Era só mais um dos tantos cafés no lugar mais gostoso da cidade, a pastelaria das “ vizinhas”. Lá, todos são vizinhas e vizinhos para as atendentes. Um detalhe bem peculiar.
Ia eu dar minha primeira mordida na costumeira coxinha de mandioca com molho picante, quando apareceu um menino magro, de no máximo 14 anos pedindo algo para comer. Não falou nada, só colocou um papel na nossa mesa onde dizia que tinha fome. Vinha desde a entrada distribuindo cópias de seu apelo.
Achei invasivo. Poxa, pensei, não se pode tomar um café em paz?
Um outro vizinho, da mesa ao lado, também reclamou, ele em voz alta. “Veja, são uns mal-educados, jogam as coisas na mesa da gente e nem dizem um bom dia”.

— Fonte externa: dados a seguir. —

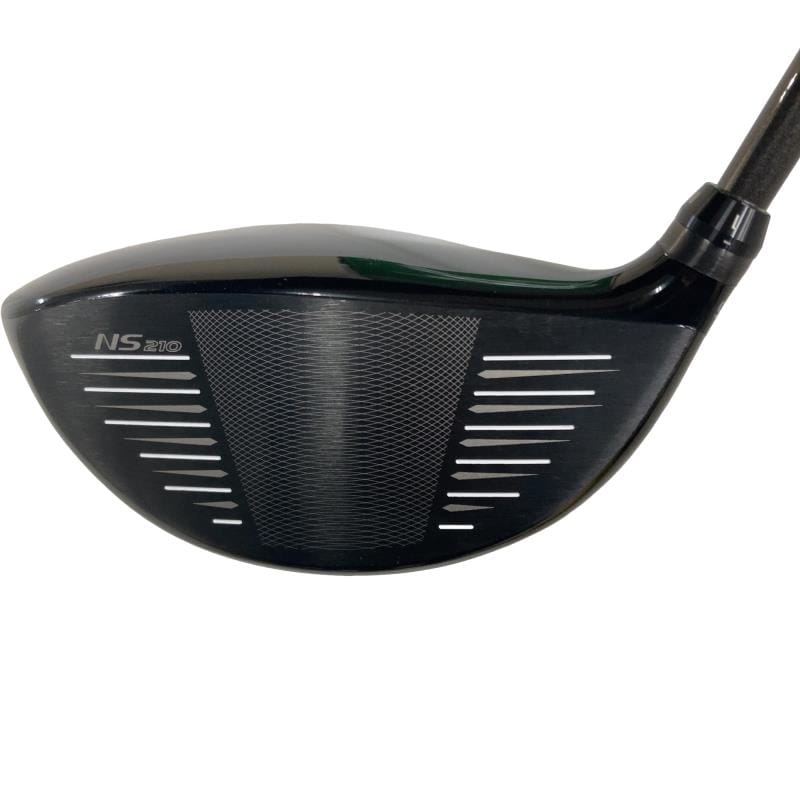 �m�d�w�f�d�m�@�m�r�Q�P�O�@�P�O�D�T°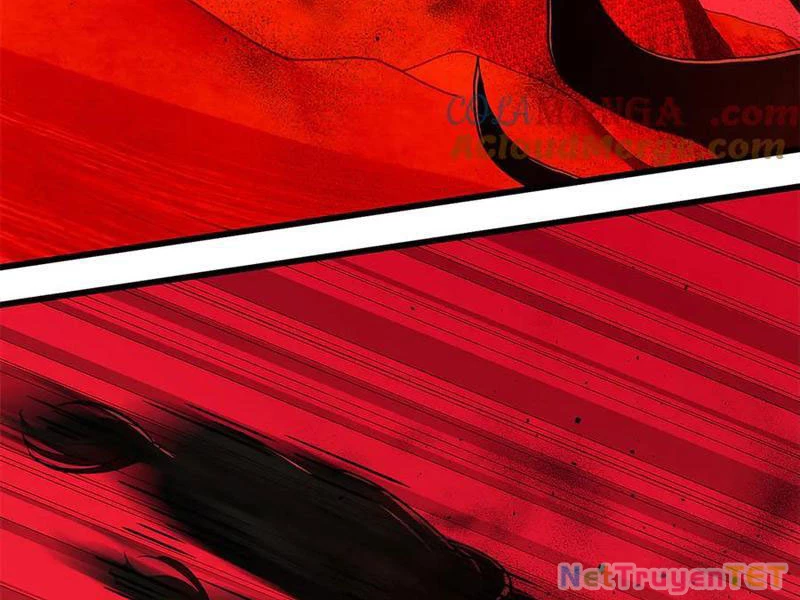 Toàn Cầu Cao Võ Chapter 295 - Trang 4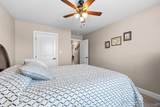 13520 Arbor Ridge - Photo 30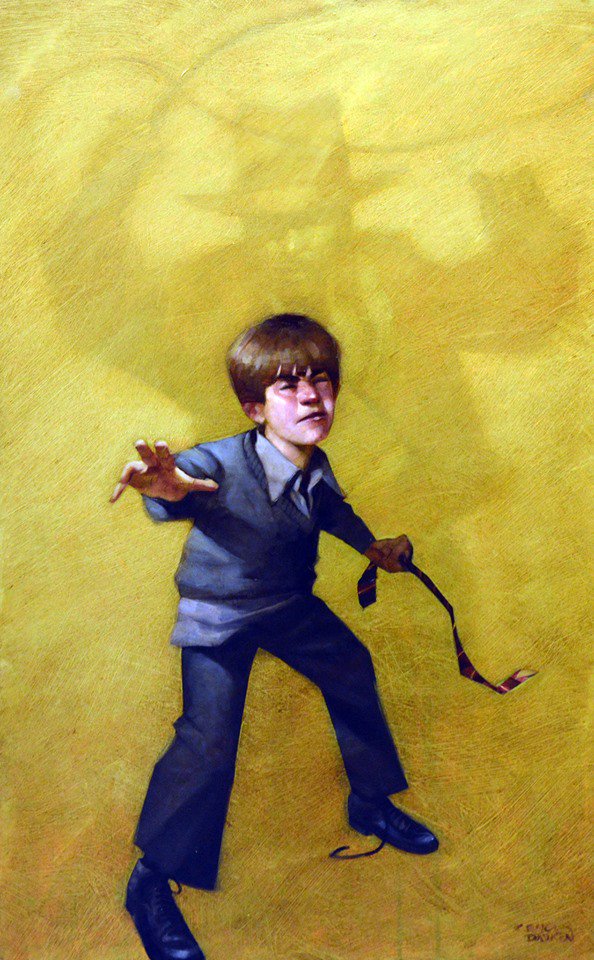 southmoltonart's tweet photo. Only TWO days until #CraigDavison is here at @southmoltonart! #timberlyne #exhibition #mayfair @lanesofmayfair https://t.co/zV8DeNMY3o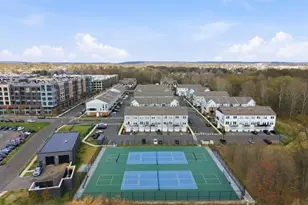 5 Sadie Cir, Union Township, NJ 07083 - Photo 41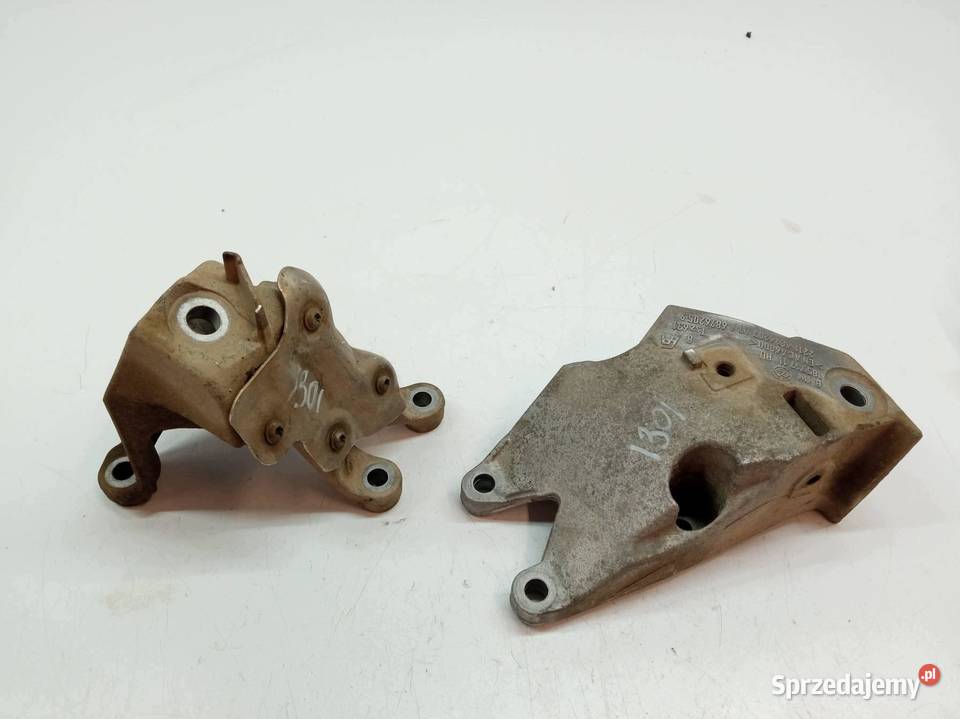 ŁAPA WSPORNIK 18574711 6876206 20 B PHEV Bmw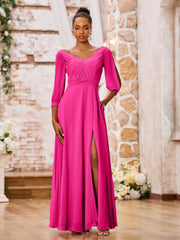 Fucsia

Meu amigo, que me acompanhava para o café, disse para o menino pedir o que quisesse, mas ele só pediu um pastel. Antes, no entanto, sugeriu ao garoto que quando quisesse algo, não tivesse timidez. Seria mais fácil se cumprimentasse as pessoas com um bom dia.
O menino foi até o balcão, pediu a uma das vizinhas atendentes o que queria. Esperou pelo pastel, pegou seu lanche e em vez de ir embora, voltou a nossa mesa. Estendeu a mão para meu acompanhante e agradeceu, demonstrando que estava fazendo diferente da primeira abordagem. O menino se agigantou e minha cara caiu, a do vizinho não sei. Caraca! Nunca tinha visto uma transformação tão rápida. Presenciei aquilo que chamam de salto quântico. Só que a gente leva duzentos anos para dar o tal salto, quando dá!
Diante da minha surpresa, meu amigo de café disse: ”É que todo mundo tem um sol dentro de si”.
Me recolhi a minha insignificância. Tinha visto dois sóis. Muita luz para quem acabou de acordar.